In this paper, an improved YOLOv8 model is proposed, and the structure is shown in S2 Fig. The C2f-FAM module proposed in this paper introduces the EMSConvP multi-scale convolution to realize the efficient extraction of features at different scales. In addition, HS-BiFPN is designed to replace the original neck, which realizes the flexible fusion of feature maps at different scales through cross-level feature fusion operations, so that the feature maps at each scale can more fully utilize the contextual information of other scales, thus generating fine-grained feature representations, and thus enhancing the model’s multi-scale target detection capability. Finally, DySample up-sampling is introduced, which can dynamically optimize the scale of the feature map according to the size of the target and the complexity of the scene. This adaptive adjustment mechanism enables the model to capture details more effectively when facing targets of multiple sizes and different backgrounds, to improve the ability of small target detection and complex background processing.

C2f-FAM module

In the sewer pipeline detection task, since the dataset usually contains a large number of small target objects with low resolution, the traditional convolutional layer, although enlarging the receptive field by downsampling operation, is prone to lead to the loss of the key feature information, which will have an impact on the detection accuracy. Inspired by EMCAD [25], this paper proposes an improved module, C2f-FAM, which enhances the extraction of features at different scales by introducing the EMSConvP multi-scale convolution. In this module, C2f-FAM replaces the Conv at the second position in the conventional Bottleneck structure with EMSConvP.

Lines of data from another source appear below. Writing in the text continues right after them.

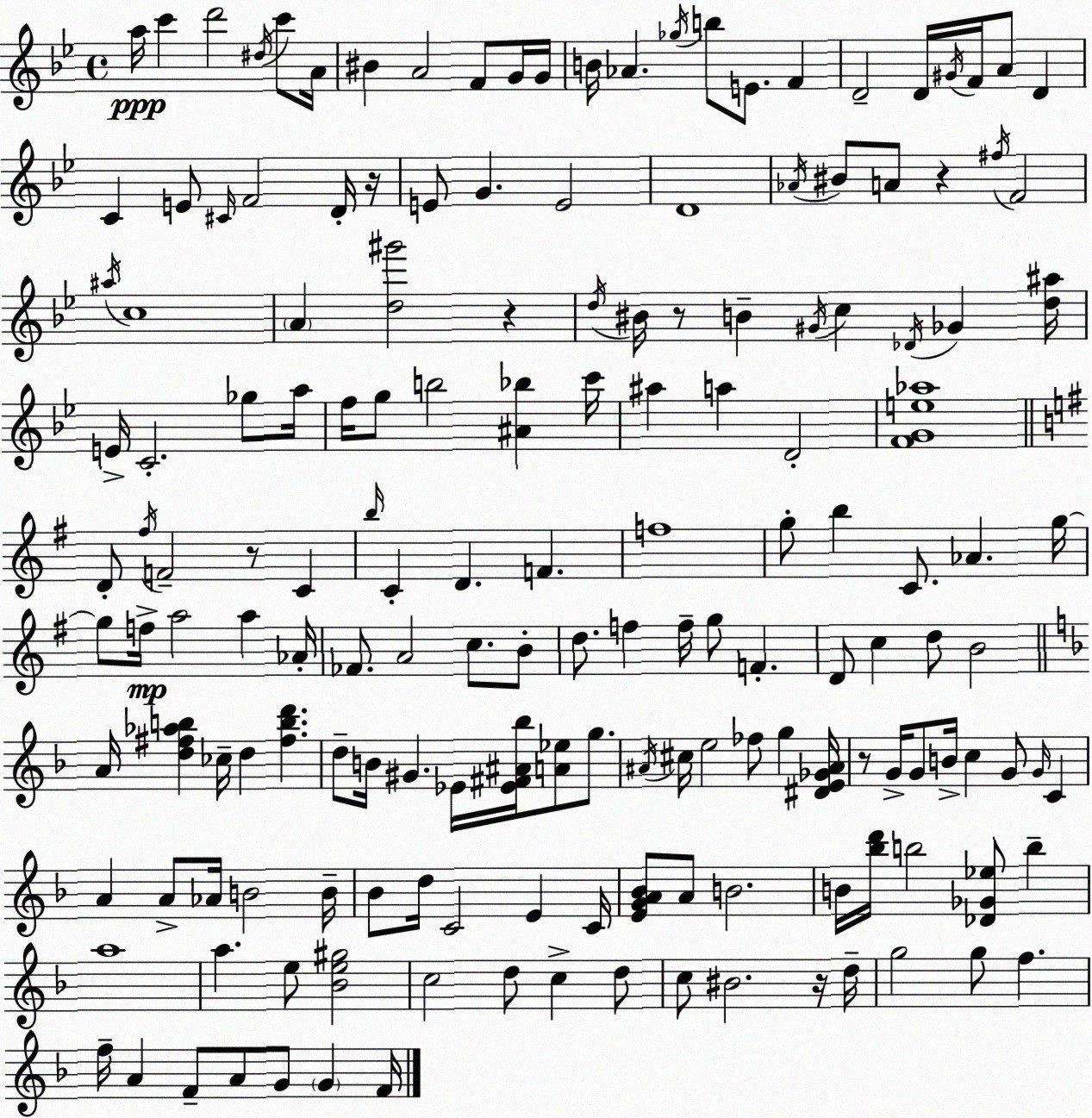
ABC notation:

X:1
T:Untitled
M:4/4
L:1/4
K:Bb
a/4 c' d'2 ^d/4 c'/2 A/4 ^B A2 F/2 G/4 G/4 B/4 _A _g/4 b/2 E/2 F D2 D/4 ^G/4 F/4 A/2 D C E/2 ^C/4 F2 D/4 z/4 E/2 G E2 D4 _A/4 ^B/2 A/2 z ^f/4 F2 ^a/4 c4 A [d^g']2 z d/4 ^B/4 z/2 B ^G/4 c _D/4 _G [d^a]/4 E/4 C2 _g/2 a/4 f/4 g/2 b2 [^A_b] c'/4 ^a a D2 [FGe_a]4 D/2 ^f/4 F2 z/2 C b/4 C D F f4 g/2 b C/2 _A g/4 g/2 f/4 a2 a _A/4 _F/2 A2 c/2 B/2 d/2 f f/4 g/2 F D/2 c d/2 B2 A/4 [d^f_ab] _c/4 d [^fbd'] d/2 B/4 ^G _E/4 [_E^F^A_b]/4 [A_e]/2 g/2 ^A/4 ^c/4 e2 _f/2 g [^DE_G^A]/4 z/2 G/4 G/2 B/4 c G/2 G/4 C A A/2 _A/4 B2 B/4 _B/2 d/4 C2 E C/4 [EGA_B]/2 A/2 B2 B/4 [_bd']/4 b2 [_D_G_e]/2 b a4 a e/2 [_Be^g]2 c2 d/2 c d/2 c/2 ^B2 z/4 d/4 g2 g/2 f f/4 A F/2 A/2 G/2 G F/4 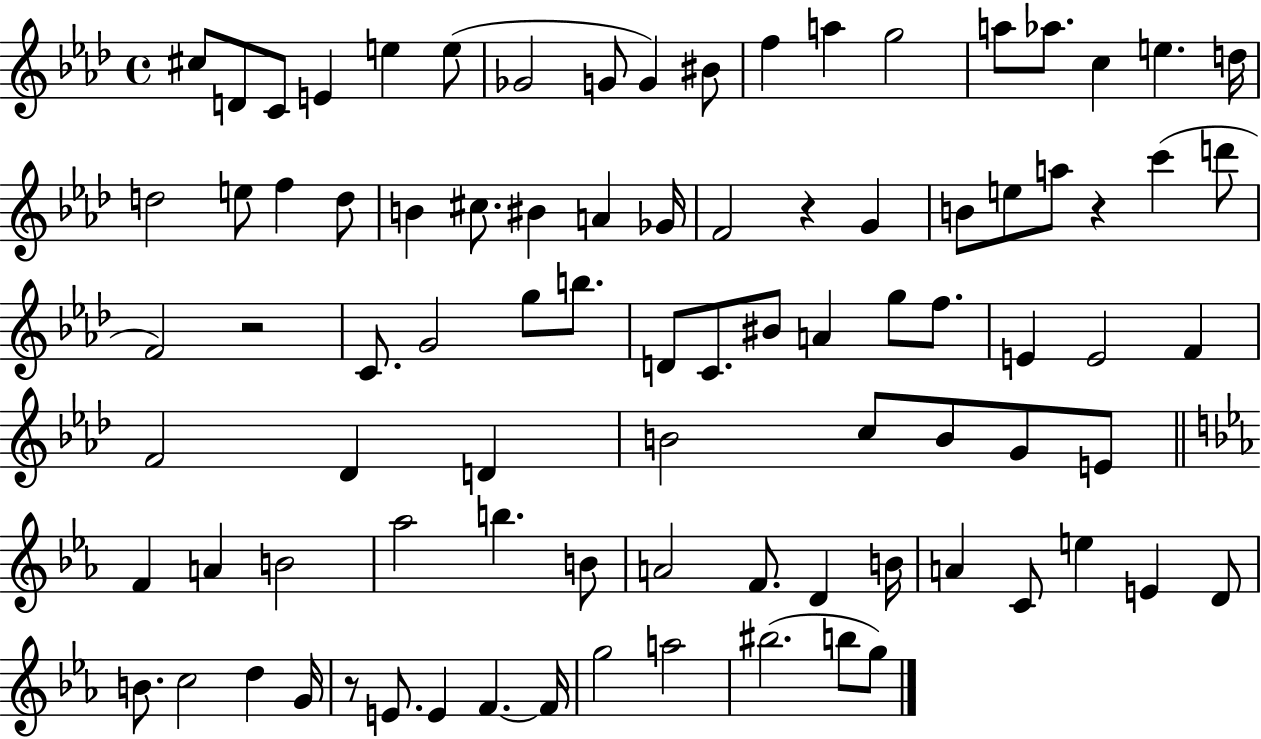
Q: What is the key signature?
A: AES major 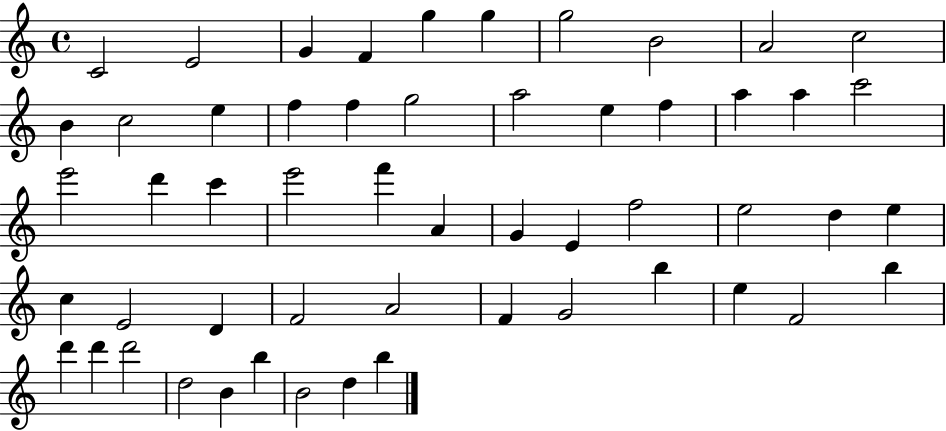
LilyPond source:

{
  \clef treble
  \time 4/4
  \defaultTimeSignature
  \key c \major
  c'2 e'2 | g'4 f'4 g''4 g''4 | g''2 b'2 | a'2 c''2 | \break b'4 c''2 e''4 | f''4 f''4 g''2 | a''2 e''4 f''4 | a''4 a''4 c'''2 | \break e'''2 d'''4 c'''4 | e'''2 f'''4 a'4 | g'4 e'4 f''2 | e''2 d''4 e''4 | \break c''4 e'2 d'4 | f'2 a'2 | f'4 g'2 b''4 | e''4 f'2 b''4 | \break d'''4 d'''4 d'''2 | d''2 b'4 b''4 | b'2 d''4 b''4 | \bar "|."
} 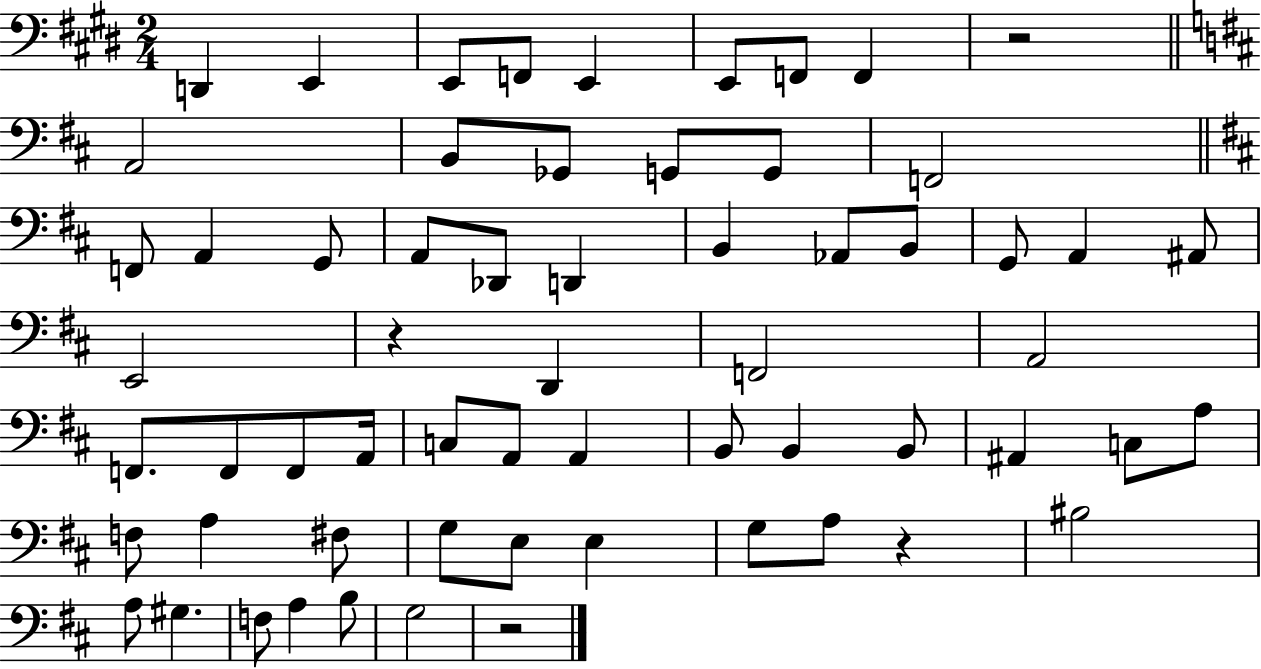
{
  \clef bass
  \numericTimeSignature
  \time 2/4
  \key e \major
  d,4 e,4 | e,8 f,8 e,4 | e,8 f,8 f,4 | r2 | \break \bar "||" \break \key b \minor a,2 | b,8 ges,8 g,8 g,8 | f,2 | \bar "||" \break \key d \major f,8 a,4 g,8 | a,8 des,8 d,4 | b,4 aes,8 b,8 | g,8 a,4 ais,8 | \break e,2 | r4 d,4 | f,2 | a,2 | \break f,8. f,8 f,8 a,16 | c8 a,8 a,4 | b,8 b,4 b,8 | ais,4 c8 a8 | \break f8 a4 fis8 | g8 e8 e4 | g8 a8 r4 | bis2 | \break a8 gis4. | f8 a4 b8 | g2 | r2 | \break \bar "|."
} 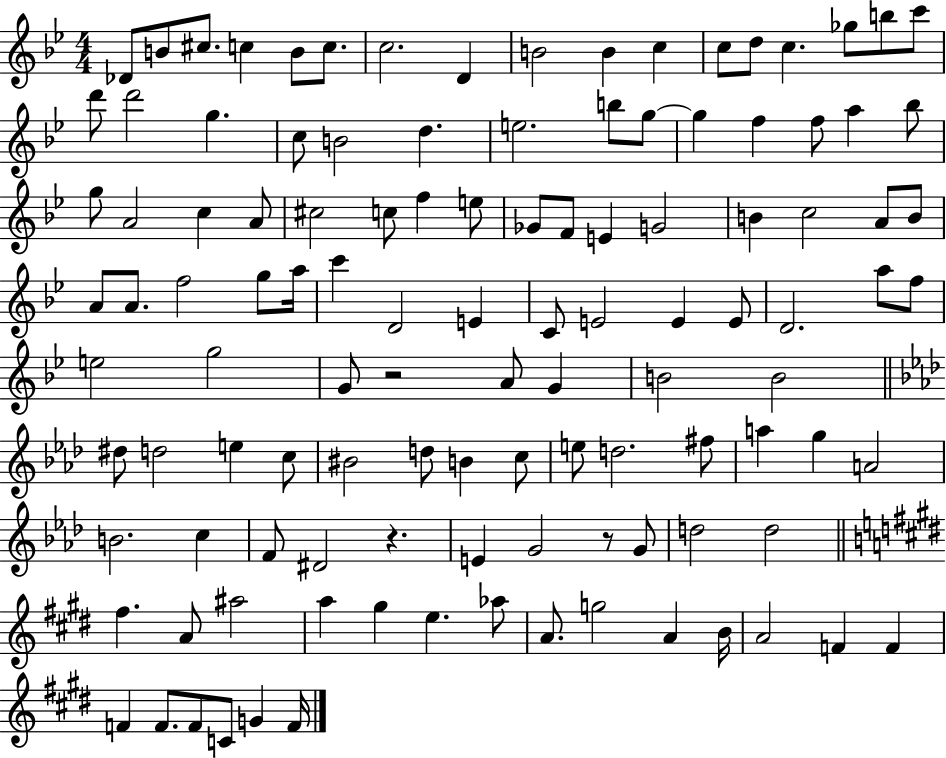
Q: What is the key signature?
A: BES major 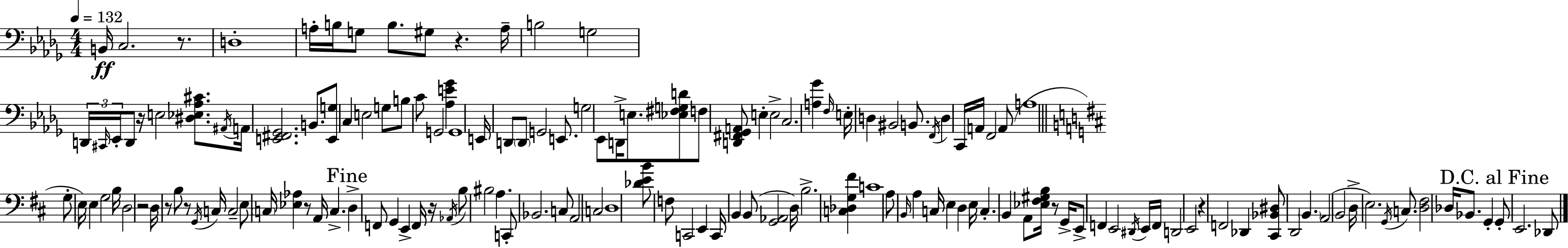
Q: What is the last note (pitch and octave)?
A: Db2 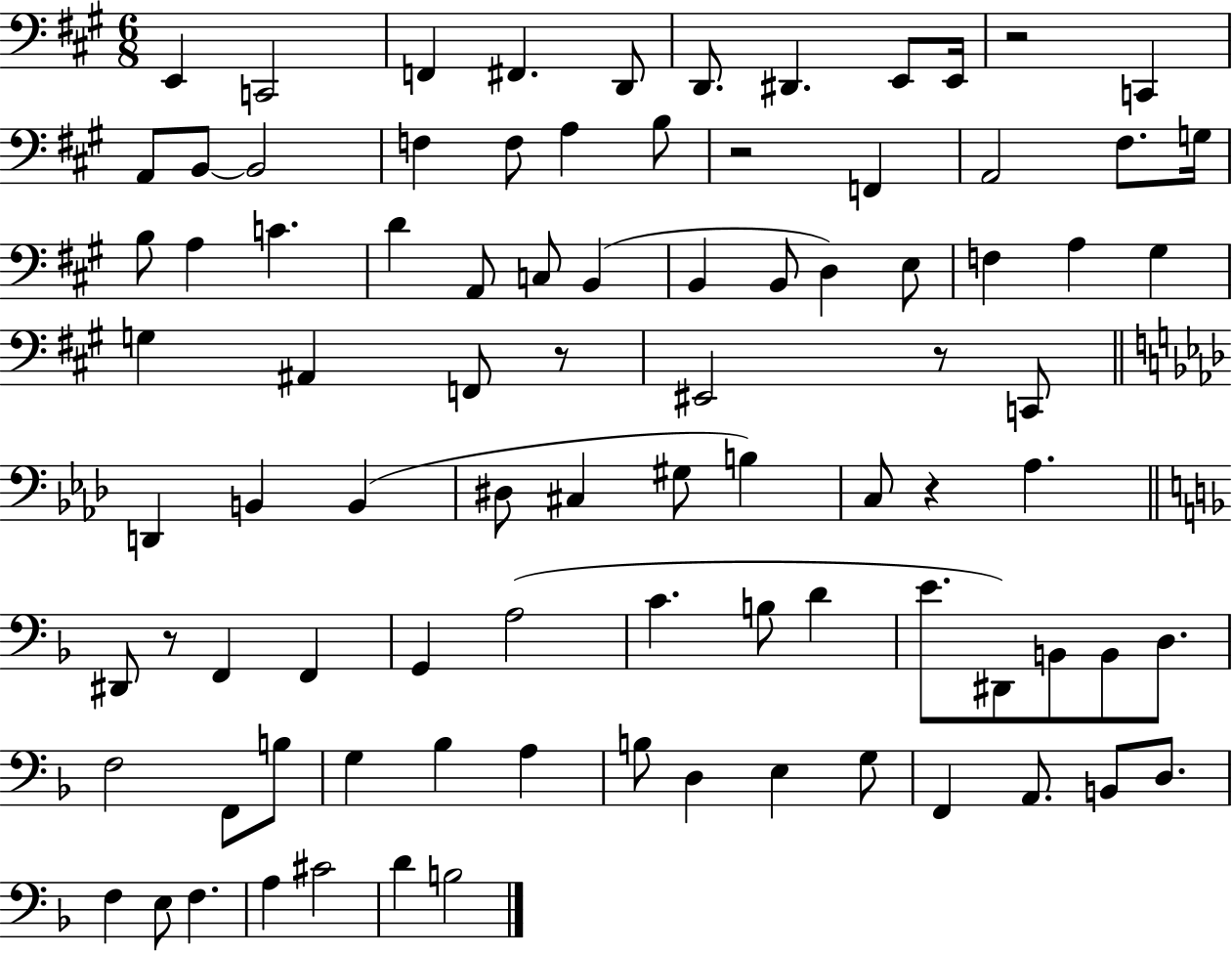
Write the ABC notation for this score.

X:1
T:Untitled
M:6/8
L:1/4
K:A
E,, C,,2 F,, ^F,, D,,/2 D,,/2 ^D,, E,,/2 E,,/4 z2 C,, A,,/2 B,,/2 B,,2 F, F,/2 A, B,/2 z2 F,, A,,2 ^F,/2 G,/4 B,/2 A, C D A,,/2 C,/2 B,, B,, B,,/2 D, E,/2 F, A, ^G, G, ^A,, F,,/2 z/2 ^E,,2 z/2 C,,/2 D,, B,, B,, ^D,/2 ^C, ^G,/2 B, C,/2 z _A, ^D,,/2 z/2 F,, F,, G,, A,2 C B,/2 D E/2 ^D,,/2 B,,/2 B,,/2 D,/2 F,2 F,,/2 B,/2 G, _B, A, B,/2 D, E, G,/2 F,, A,,/2 B,,/2 D,/2 F, E,/2 F, A, ^C2 D B,2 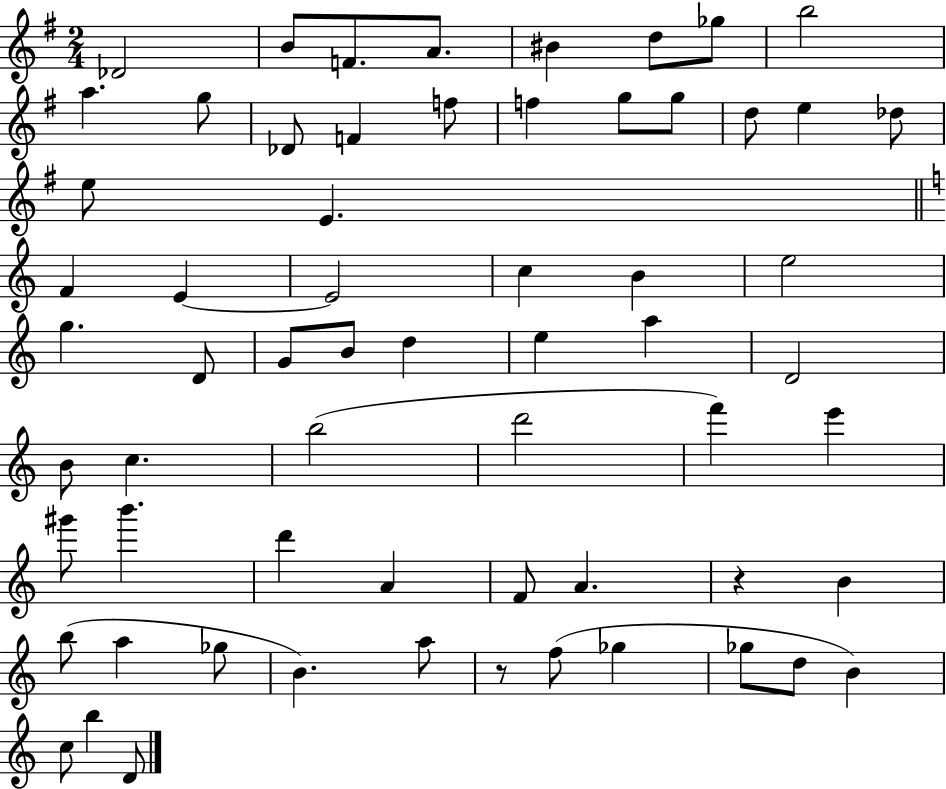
X:1
T:Untitled
M:2/4
L:1/4
K:G
_D2 B/2 F/2 A/2 ^B d/2 _g/2 b2 a g/2 _D/2 F f/2 f g/2 g/2 d/2 e _d/2 e/2 E F E E2 c B e2 g D/2 G/2 B/2 d e a D2 B/2 c b2 d'2 f' e' ^g'/2 b' d' A F/2 A z B b/2 a _g/2 B a/2 z/2 f/2 _g _g/2 d/2 B c/2 b D/2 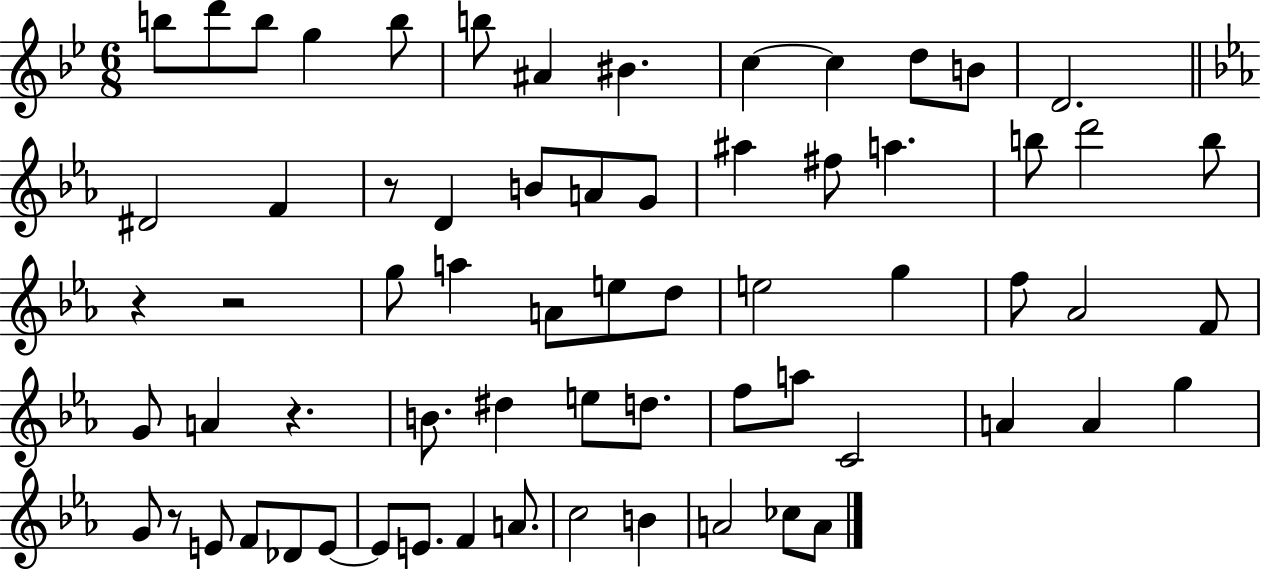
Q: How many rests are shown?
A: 5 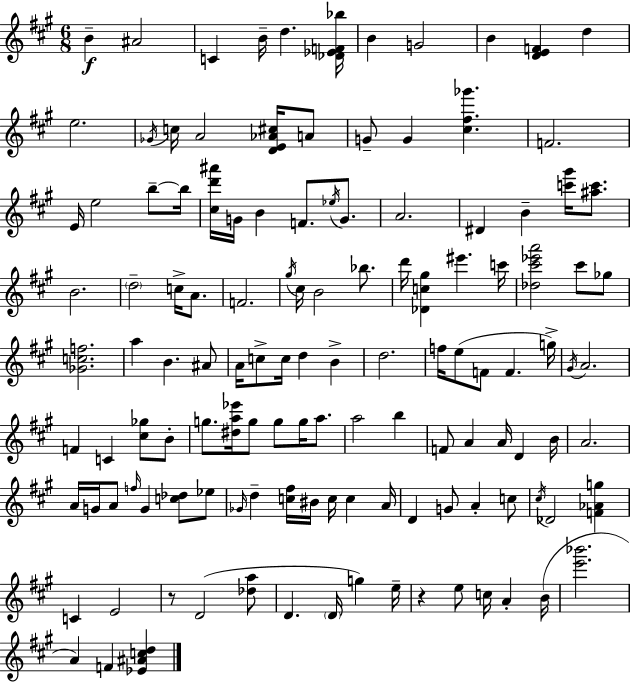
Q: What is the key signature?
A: A major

The EMSConvP module consists of two parts: multi-scale convolution and channel fusion layer. Firstly, multi-scale convolution kernel is used to extract the features of different receptive fields to enhance the expression ability of multi-scale targets. Subsequently, 1×1 convolution is used to adjust the number of channels and effectively fuse multi-scale features.

Multi-scale convolution uses different sizes of convolution kernels (1×1, 3×3, 5×5 and 7×7) to group the input feature maps by channel. The number of channels in each group is dynamically calculated based on the number of input channels and the number of convolution kernels, and the effectiveness of the convolution operation is ensured by limiting the number of channels in each group to no less than 16. Therefore, in this paper, we choose to replace only the third and fourth C2f modules in the backbone network. In the feature extraction process, the feature maps of each grouping independently perform the convolution operation, and the structure is shown in S3 Fig.

After the multi-scale convolution is completed, the feature maps are merged by splicing operation, the number of channels is adjusted by 1×1 convolution and the features are fused. This design realizes the fusion of multi-scale features while preserving the global semantic information, which enhances the sensitivity of the model to features of different scales. Compared with the traditional full-channel convolution, the module reduces the computational complexity and the number of parameters through grouped convolution, which reduces the computational overhead and memory occupation, and improves the computational efficiency while maintaining the performance.

The C2f-FAM module enhances the multi-scale feature extraction capability in pipeline defect detection by introducing EMSConvP, which particularly improves the detection performance for small targets. The module effectively reduces the computational complexity and the number of parameters through grouped convolution, thus optimizing the computational efficiency and memory occupation while maintaining high detection accuracy, and significantly improving the detection capability of the model.

HS-BiFPN

To cope with the challenges of variable size, noise interference, and environmental changes in pipeline defect detection, we draw inspiration from the existing multi-scale feature fusion method HS-FPN [26] and propose an improved feature fusion neck, HS-BiFPN, which compares with the original neck of YOLOv8. BiFPN effectively improves the detection accuracy while reducing the computational and parametric quantities, and the structure is shown in S4 Fig.

HS-BiFPN is mainly composed of two parts: feature selection module and cross-level feature fusion module. The specific process is as follows: first, the different scale feature maps generated by the backbone network will be effectively filtered by the feature selection module. Subsequently, these different scale feature maps will be fused by the cross-level feature fusion module to generate features with richer semantic information. This fusion helps to capture the subtle features in the pipeline image more accurately, which in turn improves the detection capability of the model.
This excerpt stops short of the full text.